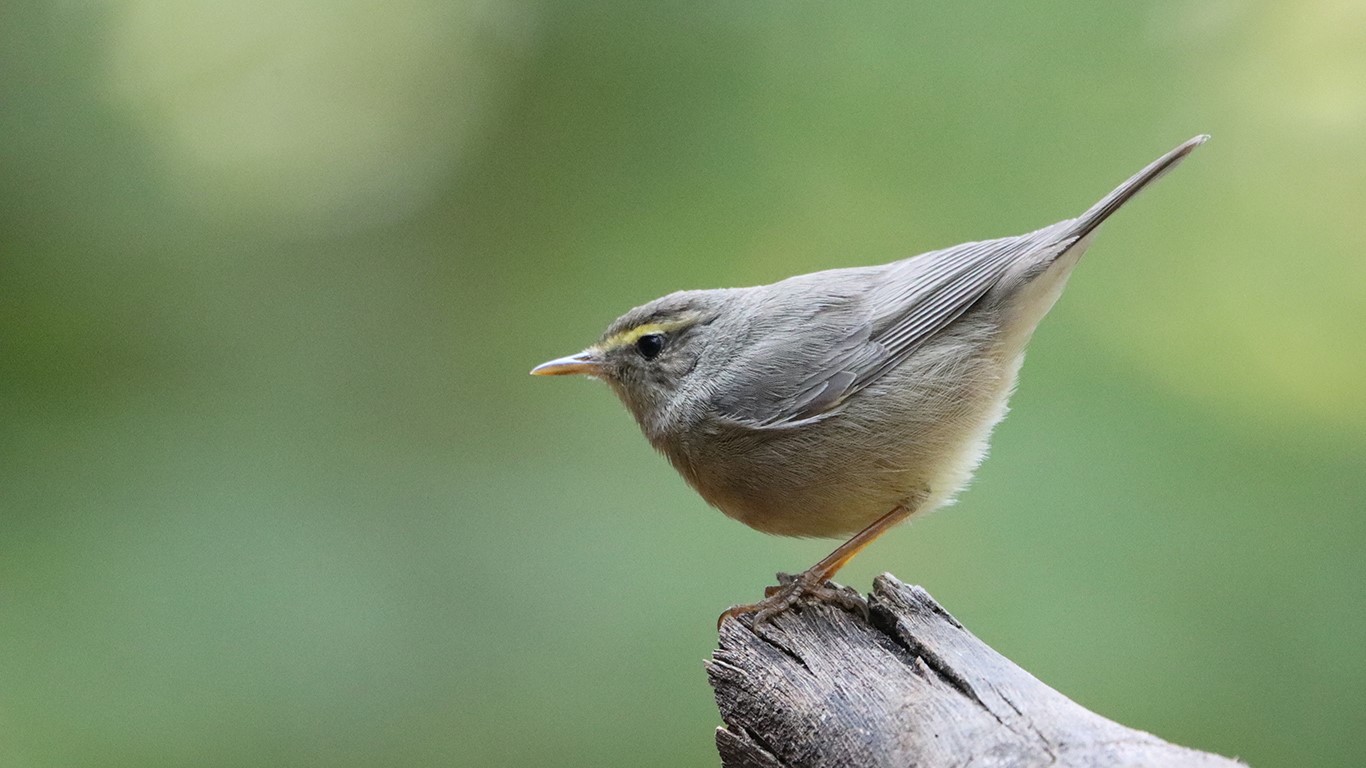 Sulphur-bellied Warbler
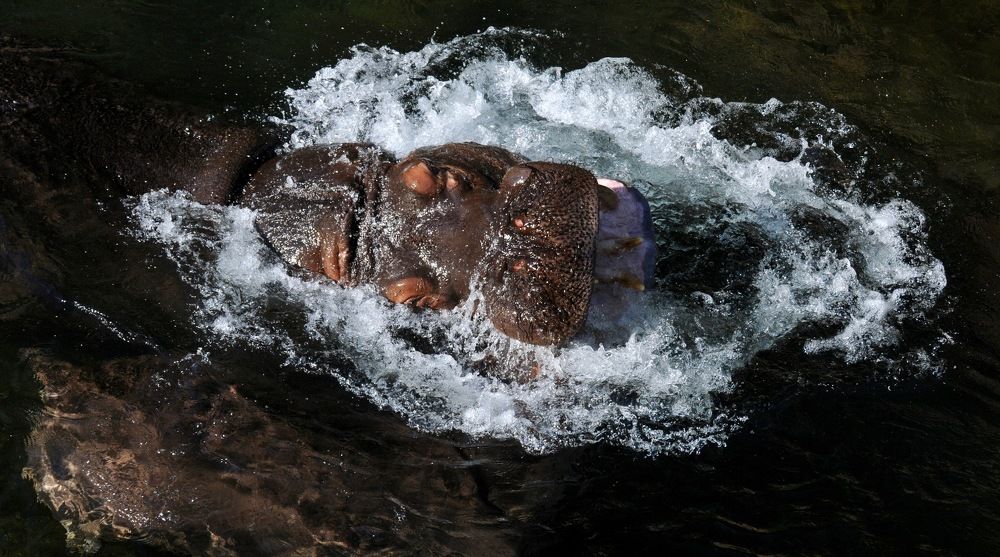 Photograph by féline Marie Anne Meyssonnier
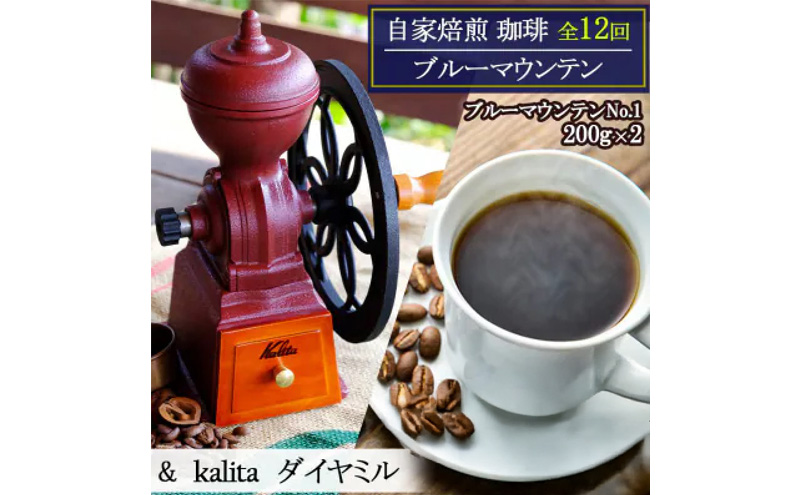 定期便 12回 自家焙煎 ブルーマウンテン(ストレート)  12ヶ月 &ダイヤミル(200g×2×12回) お楽しみ Morrow珈琲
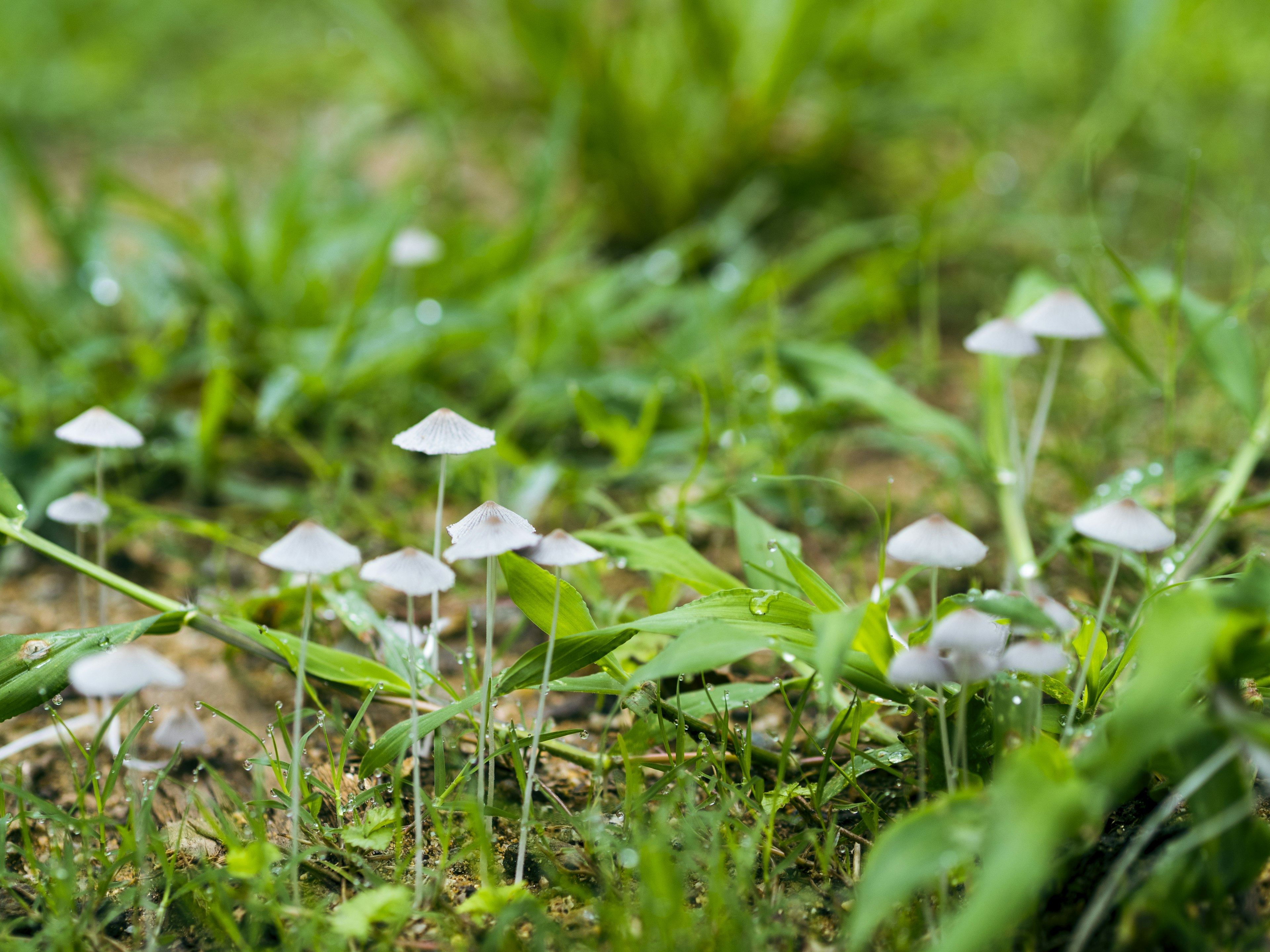 緑の草の中に群生する小さな白いキノコ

- Work request: Write out, word for word, only the lines from the one containing "定期便 12回 自家焙煎" to the end of the data above; the pictures stay out.

- The completed task:
 定期便 12回 自家焙煎 ブルーマウンテン(ストレート)  12ヶ月 &ダイヤミル(200g×2×12回) お楽しみ Morrow珈琲
 緑の草の中に群生する小さな白いキノコ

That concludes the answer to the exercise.